On entering the city, tall grey buildings and cement blocks make it difficult to dispute against the “Communist dormitory” reputation Belgrade has. However, once you roll through its streets, you will quickly realise that the capital has much more to offer than anybody would initially expect.
Wherever we go, we like to walk/cycle through the place we are visiting so to taste the daily life of local people. We believe that doing so gives you much more insight into the cultural environment than simply ticking off the main touristy sights.
Letting the ex-Yugoslavia’s capital soak into our skin left us surprised and delighted to have decided to spend our day off the bike here.
Belgrade is definitely a city busting with life. The traffic is frantic but, contrarily to that, people enjoy sitting in cafes sipping coffee, beer or homemade rakija – a fruit brandy, and the national drink – at any time of the day.
Kafanas, local bistró for social gathering, are countless.
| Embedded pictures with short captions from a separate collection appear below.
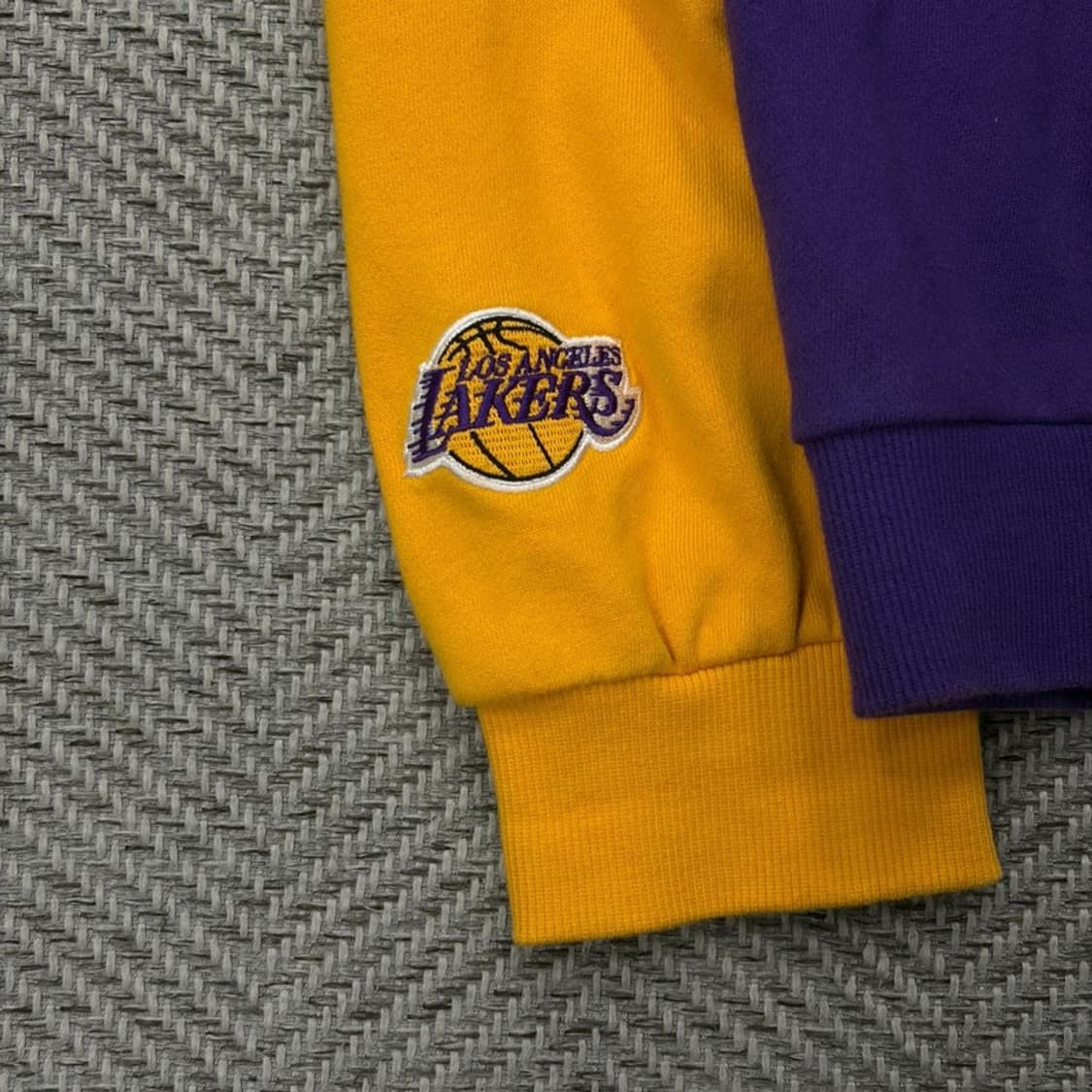 nba 레이커스 후드티 v2521 상품이미지5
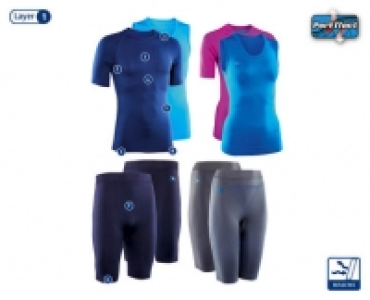 Seamless Compression Base Layer Set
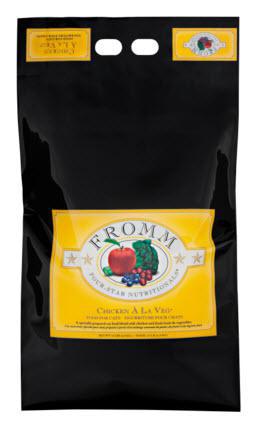 Fromm Cat 4Star Chicken A La Veg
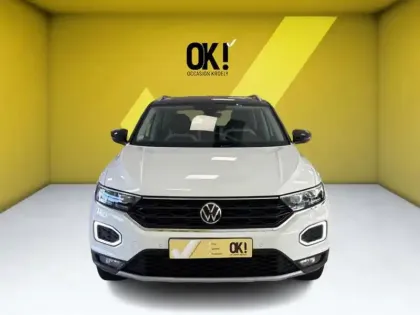 Photo 7 Volkswagen T-roc Active Car Play Caméra GPS Cli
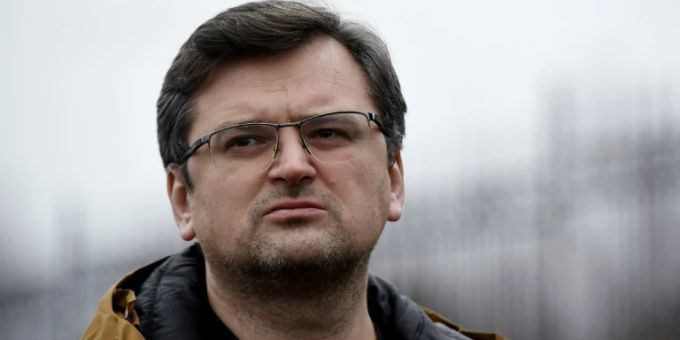 Dmytro Kuleba Dmytro Kuleba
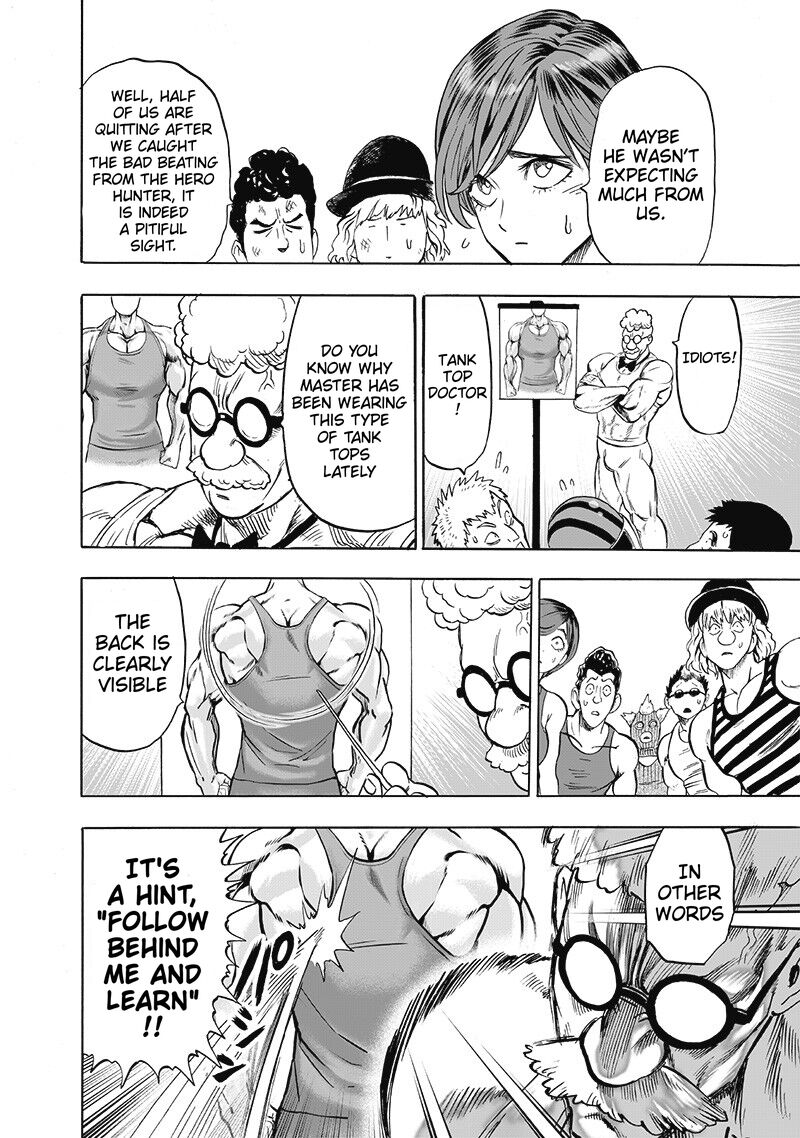 Read Onepunch-Man Manga Online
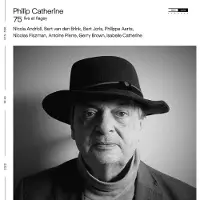 OUTHERE Philip Catherine - 75 (Live At Flagey) (CD)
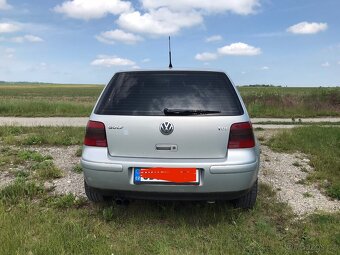Volkswagen Golf IV,1.9TDI,85kW - 2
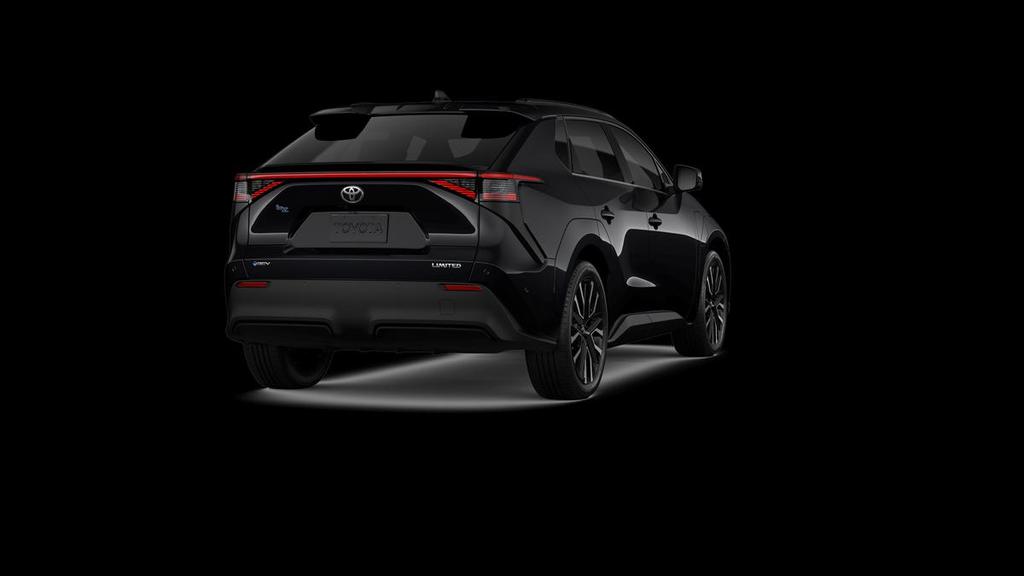 new 2026 Toyota bZ car, priced at $44,850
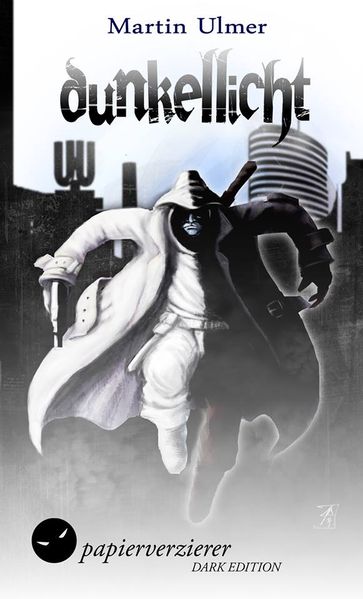 Cover von Dunkellicht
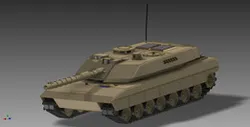 A2 MBT (fictional)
Here you can taste typical Serbian food and regional wines, and you will end up rolling out of the tavern with fully satisfied taste buds and a wallet that is not crying for help.
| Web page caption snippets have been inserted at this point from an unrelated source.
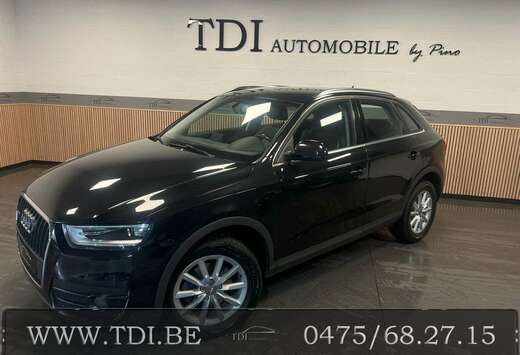 Audi *2.0TDI*Quattro**BOITE AUTO*163CV*1ER MAIN*CT OK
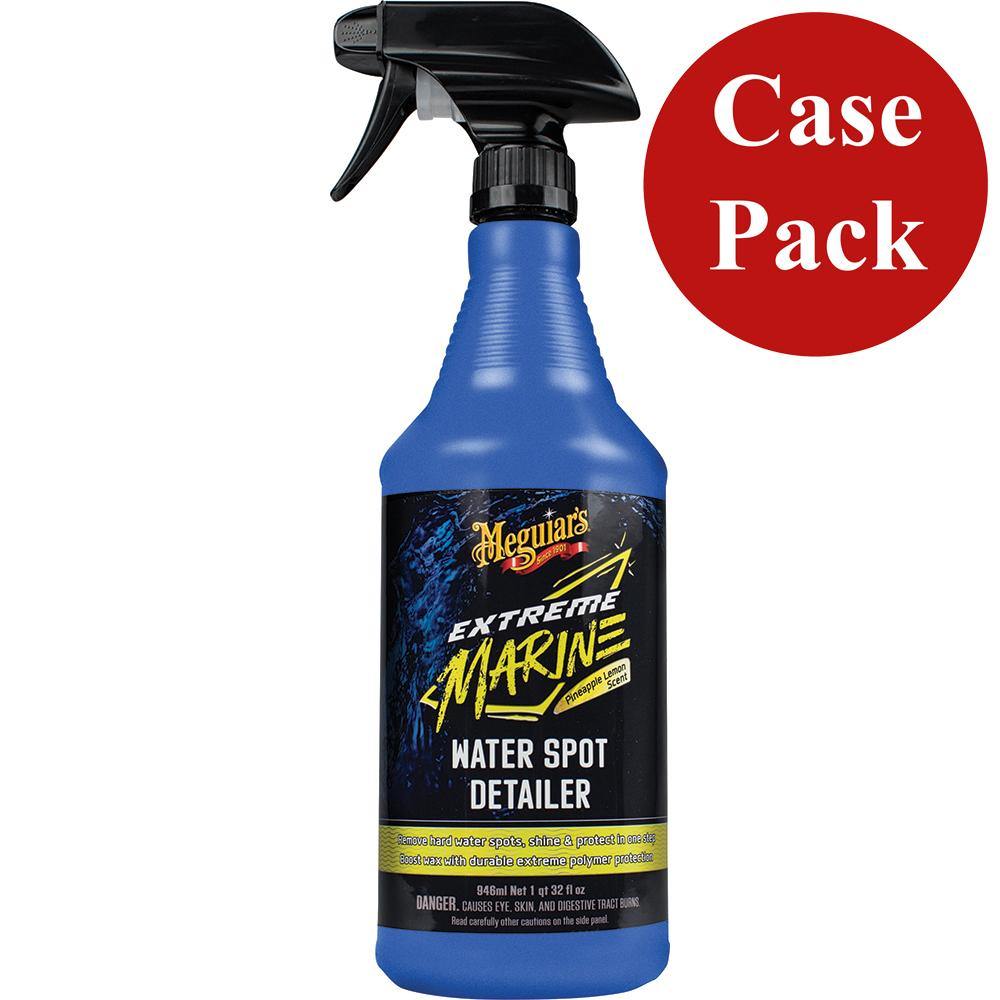 Meguiars Extreme Marine - Water Spot Detailer - *Case of 6* [M180232CASE] - Bulluna.com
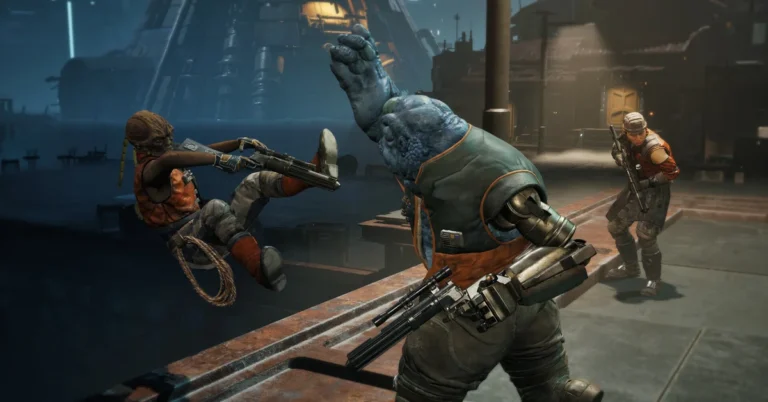 Star Wars Zero Company official screenshot
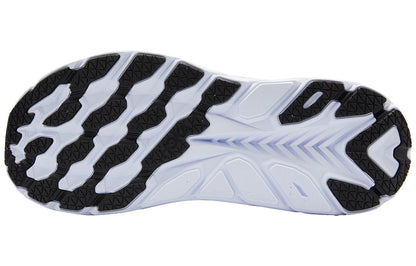 Hothtka ONE ONE Clifton 8 2E Wide 'Black White' 1121374-BWHT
Music can be heard in every corner: buskers on the main shopping streets, a full blown up stereo fomenting a youngsters’ basketball match at the foot of the old fortress, live bands animating your nights in Skadarlija, the Bohemian quarter.
Life is relaxed, and people seem to be oblivious to the shadow of a war not too long ago finished and to the tensions still present in Southern Serbia.
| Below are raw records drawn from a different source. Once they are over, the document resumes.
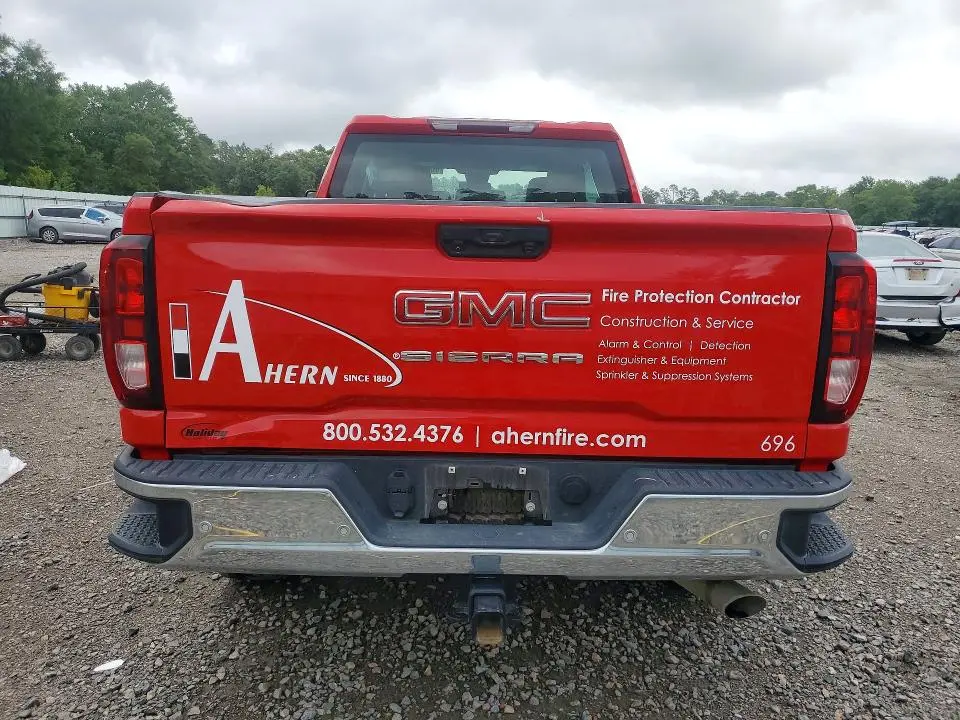 2024 GMC SIERRA K2500 HEAVY DUTY  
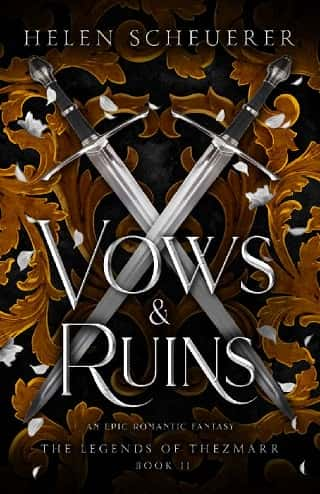 Vows & Ruins by Helen Scheuerer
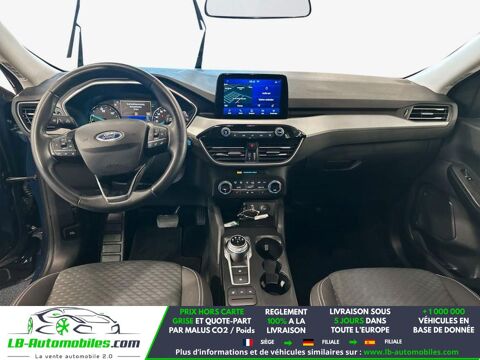 Kuga 2.5 Duratec 225 ch PHEV BVA 2022 occasion 31850 Beaupuy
Or at least, that is how it feels.
The ugly dangerous roads on entering Serbia are behind our back and Belgrade has left us longing to discover the rest of a country inhabited by a population that is eager to make up for the dark days.
Some of the buildings bombed by Nato in 1999 are still there, somehow standing in complete decay. But below the derelicts, Belgrade is pumping energy, creativity and a cultural awakening worth to be given a chance, or even a few.